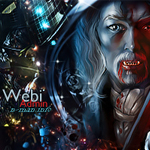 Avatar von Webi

--

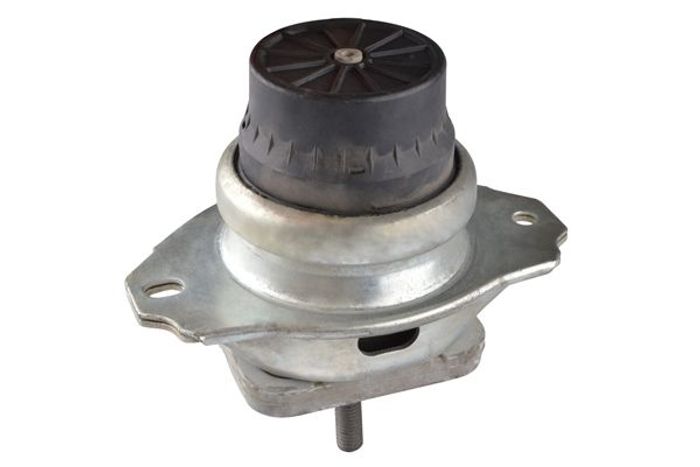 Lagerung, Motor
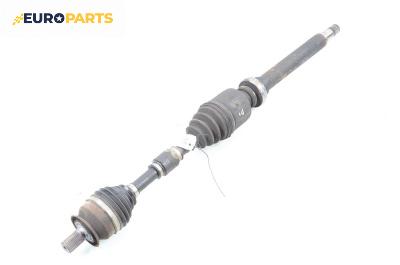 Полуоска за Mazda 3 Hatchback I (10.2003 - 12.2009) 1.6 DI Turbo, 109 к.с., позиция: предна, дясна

---

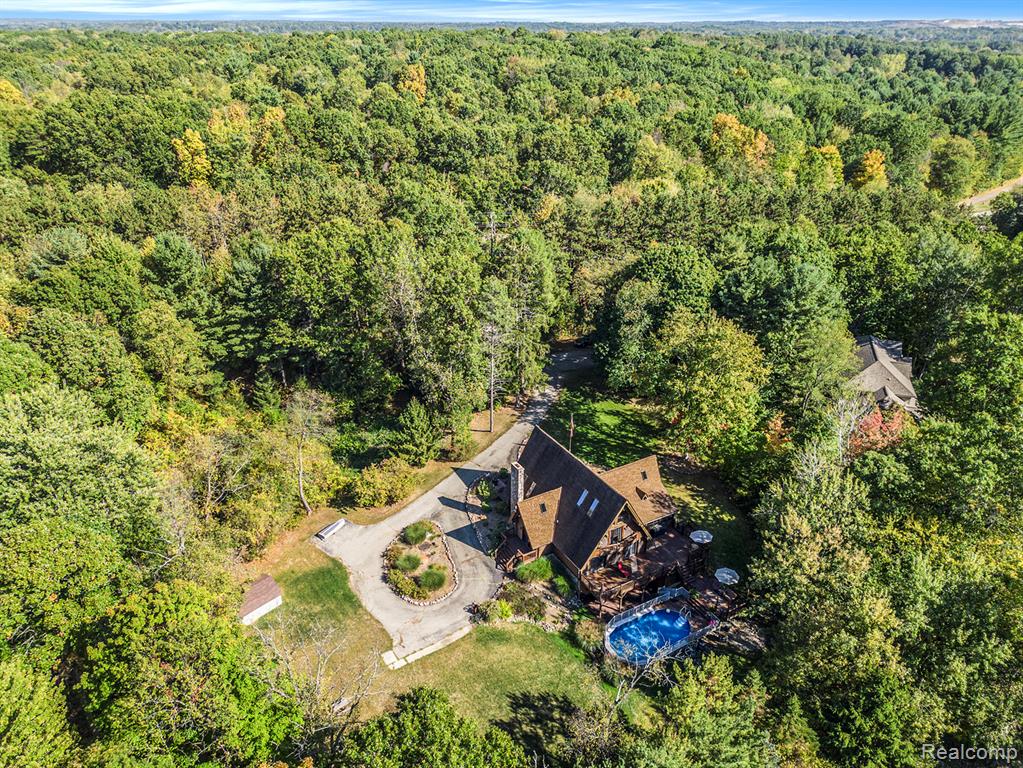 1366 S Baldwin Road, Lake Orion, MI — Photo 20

ACTIVITY:
The expected output is the lines above from the one containing "Lagerung, Motor" to the one containing "Полуоска за Mazda", both ends included, reproduced exactly with every picture left out.

PROBLEM SOLUTION:
 Lagerung, Motor
 Полуоска за Mazda 3 Hatchback I (10.2003 - 12.2009) 1.6 DI Turbo, 109 к.с., позиция: предна, дясна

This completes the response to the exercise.